A classification method is suggested and applied to distinguish the variants of synoptic-scale patterns inducing heavy, widespread, and steady rains in the Czech Republic. The method is based on divisive hierarchical clustering of the 78 heaviest rainfall events that affected various parts of the Czech territory in the warmer half-years from 1958 to 2002. The degree of moisture flux close to the rainfall area is selected as a similarity criterion for clustering. Subsequently, a fuzzy approach is employed to assess the membership degree of the individual events to four clusters obtained by the second level of divisive clustering.
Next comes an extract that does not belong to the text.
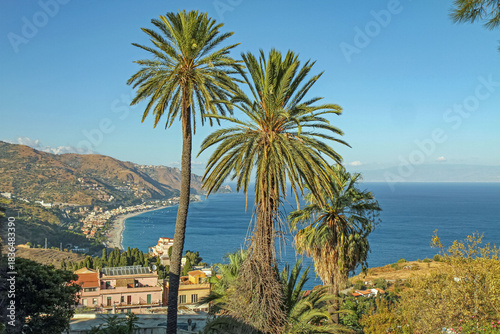Wallpaper Mural The picturesque Mediterranean coastal landscape of Sicily, Italy, with tall palm trees, blue sea, distant mountains, and coastal villages. Torontodigital.ca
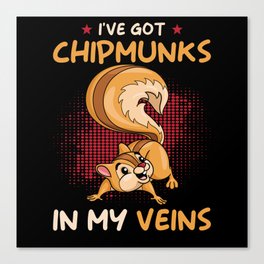 Chipmunk Canvas Print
Weighted averaging of synoptic-scale thermodynamic patterns is used to determine four main variants of causal synoptic-scale conditions typical of these fuzzy clusters. Two frontal and two cyclonic variants are distinguished. The frontal variants are characterized by the recurring passage of cold frontal waves, possibly followed by the rapid passage of a frontal wave cyclone. Heavy rains occur mostly on the warm side of the quasi-stationary frontal boundary, where the intense southern component of moisture flux occurs. In the case of the passage of the frontal wave cyclone, heavy rains appear in the cold rearward sector of the cyclone, where the intense northern component of moisture flux develops. The cyclonic variants are characterized by the slow passage of a cyclone across Central Europe along various trajectories. Heavy rains are always located in the cold sector of the cyclone, which is surrounded by anomalous moisture flux that is continuously supplying the rainfall area with a large amount of moisture. The results of the present study open the door to a quantitative evaluation of thermodynamic conditions typical of heavy, widespread, and steady rains in the Czech Republic.